ASSIGNMENT: Pictures within the data are to be left out; everything else must be reproduced exactly.

PROVIDED DATA:
☆ ☆ ☆ ☆ ☆ ☆ ☆

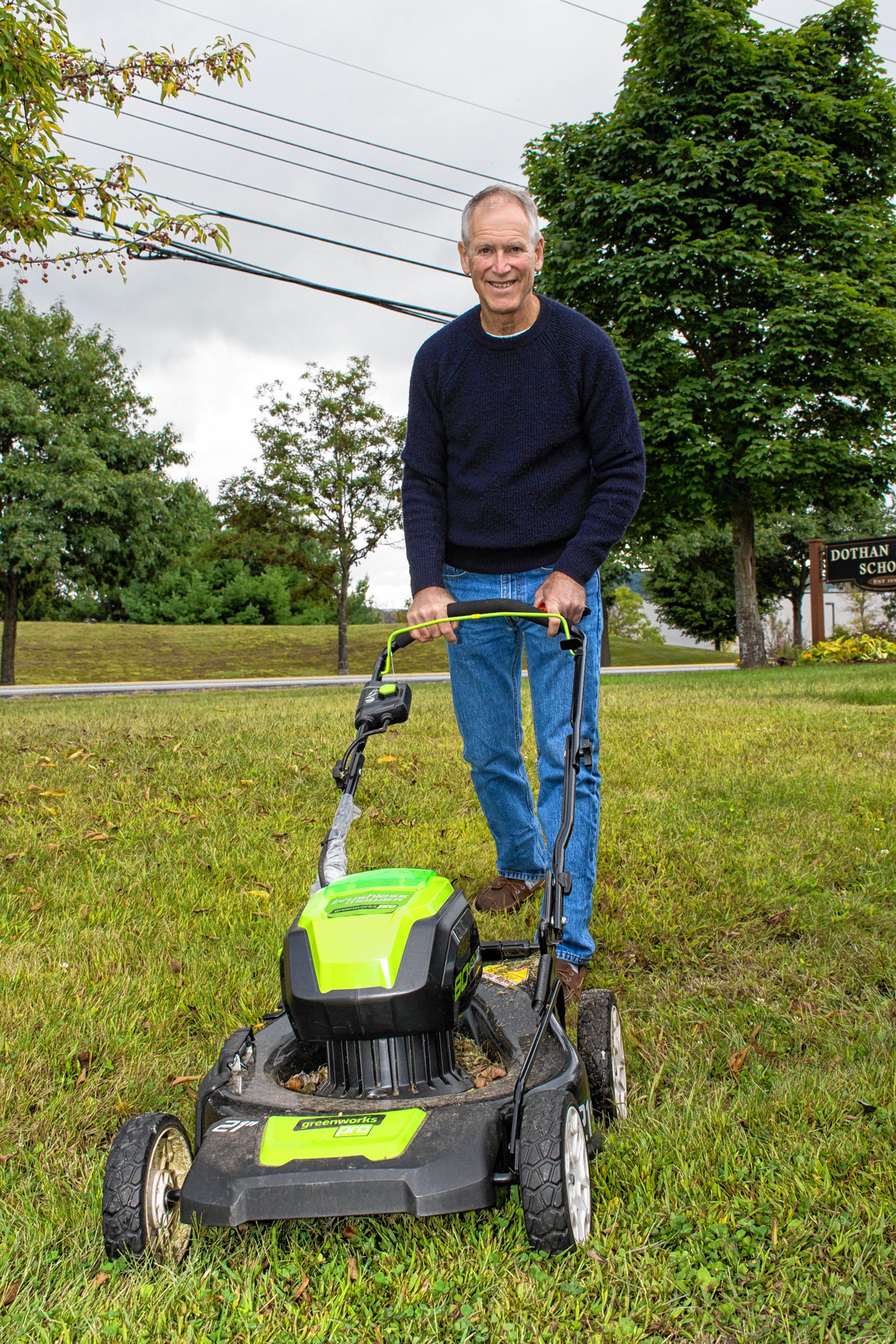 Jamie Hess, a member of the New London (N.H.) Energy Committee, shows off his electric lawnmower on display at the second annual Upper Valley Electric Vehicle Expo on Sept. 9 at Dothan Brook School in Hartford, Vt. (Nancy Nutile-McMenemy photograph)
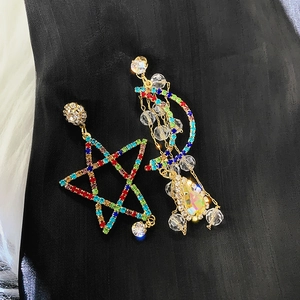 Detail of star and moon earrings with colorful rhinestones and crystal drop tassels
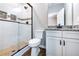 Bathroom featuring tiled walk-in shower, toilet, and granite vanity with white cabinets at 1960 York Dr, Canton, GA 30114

☆ ☆ ☆ ☆ ☆ ☆ ☆

EXERCISE RESPONSE:
 Jamie Hess, a member of the New London (N.H.) Energy Committee, shows off his electric lawnmower on display at the second annual Upper Valley Electric Vehicle Expo on Sept. 9 at Dothan Brook School in Hartford, Vt. (Nancy Nutile-McMenemy photograph)
 Detail of star and moon earrings with colorful rhinestones and crystal drop tassels
 Bathroom featuring tiled walk-in shower, toilet, and granite vanity with white cabinets at 1960 York Dr, Canton, GA 30114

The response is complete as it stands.